Evenredigheidsbeginsel
Na de toeslagenaffaire is er een maatschappelijke roep gekomen om vanuit de overheid meer een menselijke maat toe te passen. Op dit moment is er een tendens waar te nemen waarin het evenredigheidsbeginsel aan terrein wint in het bestuursrecht, waaronder ook het belastingrecht valt.
Verruiming
Het evenredigheidsbeginsel is gecodificeerd in artikel 3:4, lid 2 Awb. Daarin is bepaald dat de nadelige gevolgen van een besluit niet onevenredig mogen zijn in verhouding met de tot het besluit te dienen doelen. Op dit moment ziet dit artikellid alleen op besluiten die hun grondslag vinden in een discretionaire bevoegdheid (dus een ‘kan’-bepaling in de wet- en regelgeving).

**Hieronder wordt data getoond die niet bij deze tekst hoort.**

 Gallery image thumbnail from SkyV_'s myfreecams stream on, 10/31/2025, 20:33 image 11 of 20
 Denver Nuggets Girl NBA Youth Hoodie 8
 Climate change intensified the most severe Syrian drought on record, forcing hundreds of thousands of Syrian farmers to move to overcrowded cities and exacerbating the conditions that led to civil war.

Het evenredigheidsbeginsel is echter in beweging. In de rechtspraak is een tendens zichtbaar waarin breder toepassing wordt gegeven aan het evenredigheidsbeginsel. Zo hebben de Raad van State en het CBB uitspraken gedaan waarin op een voor de burger gunstige wijze toepassing wordt gegeven aan het evenredigheidsbeginsel (ABRvS 2 februari 2022, ECLI:NL:RVS:2022:285, ABRvS 1 maart 2023, ECLI:NL:RVS:2023:772 en CBB 26 maart 2024, ECLI:NL:CBB:2024:190). Uit deze rechtspraak volgt dat het bijvoorbeeld ook mogelijk is om bij besluiten die zijn gebaseerd op een wet in formele zin waarin een dwingende bevoegdheid is opgenomen, te toetsen aan het evenredigheidsbeginsel (HR 6 oktober 2023, ECLI:NL:HR:2023:1371).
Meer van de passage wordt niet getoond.